Instructions for the task:
If the records below hold pictures, omit them, and print exactly the lines from the first line through the line containing "Dear Scarlett Lizzy", inclusive.

(Records provided)

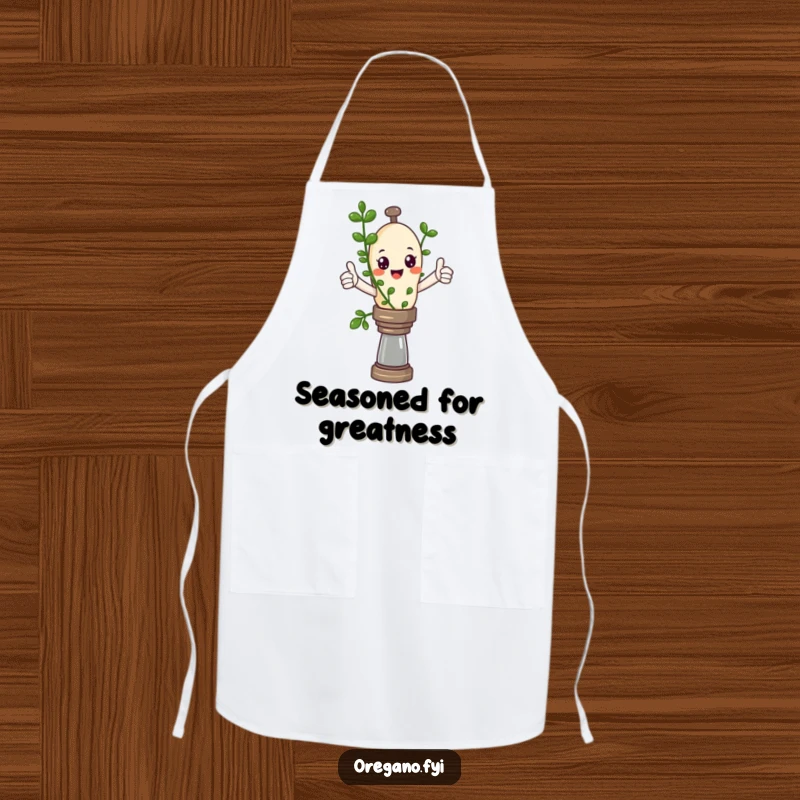 Funny Kawaii oregano sprig giving a thumbs up while balancing on a pepper mill, a humorous chef's apron.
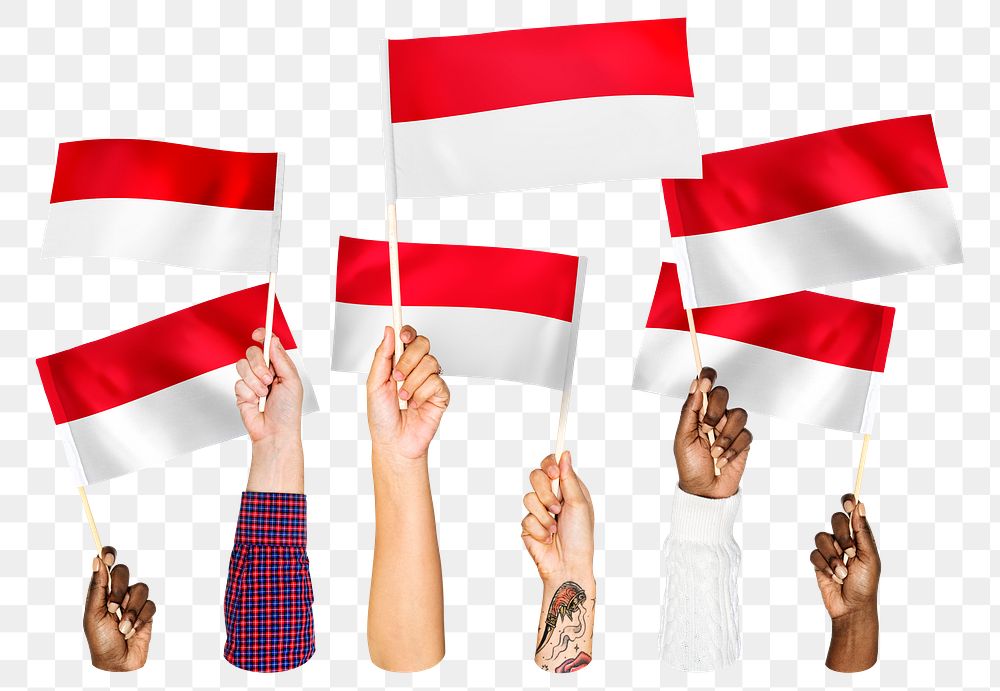 Hands waving png Indonesian flags, transparent background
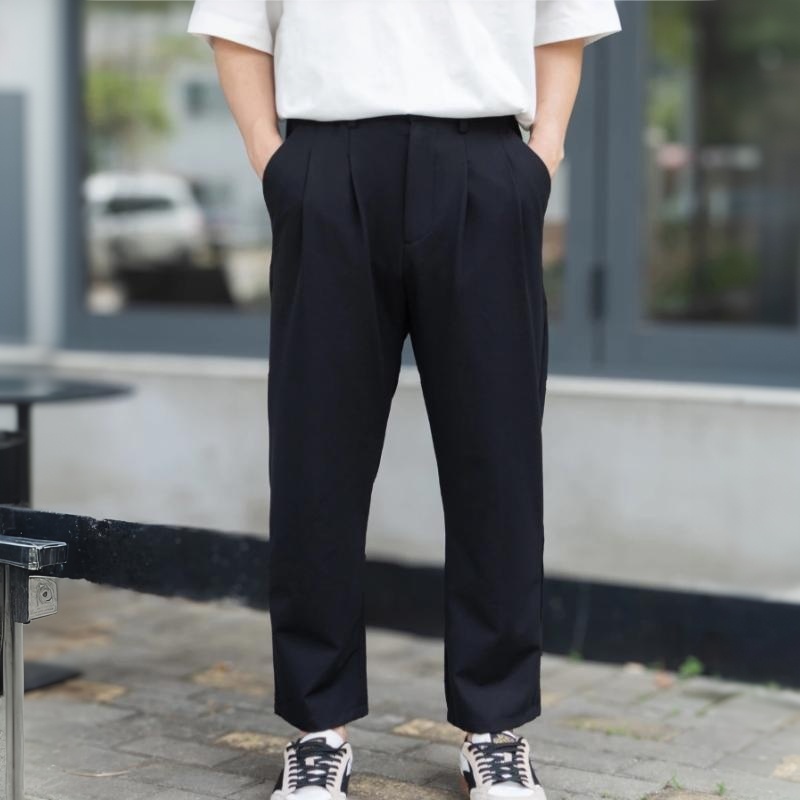 男士夏季寬鬆直筒九分褲老錢風薄款休閒西裝褲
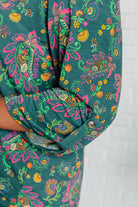 Dear Scarlett Lizzy Top in Teal and Purple Floral Paisley Shirts & Tops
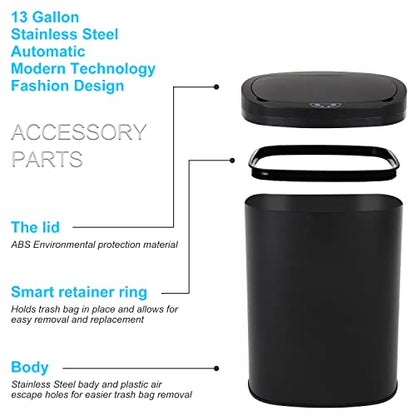 Kitchen Trash Can | Stainless Steel 13 Gallon Trash Can | 50L Touch Free Garbage Can with Lid | Electronic Motion Sensor Automatic Trash Bin High Capacity for Kitchen Bathroom Office, Black - color: Black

(End Records provided)

Answer to this problem:
 Funny Kawaii oregano sprig giving a thumbs up while balancing on a pepper mill, a humorous chef's apron.
 Hands waving png Indonesian flags, transparent background
 男士夏季寬鬆直筒九分褲老錢風薄款休閒西裝褲
 Dear Scarlett Lizzy Top in Teal and Purple Floral Paisley Shirts & Tops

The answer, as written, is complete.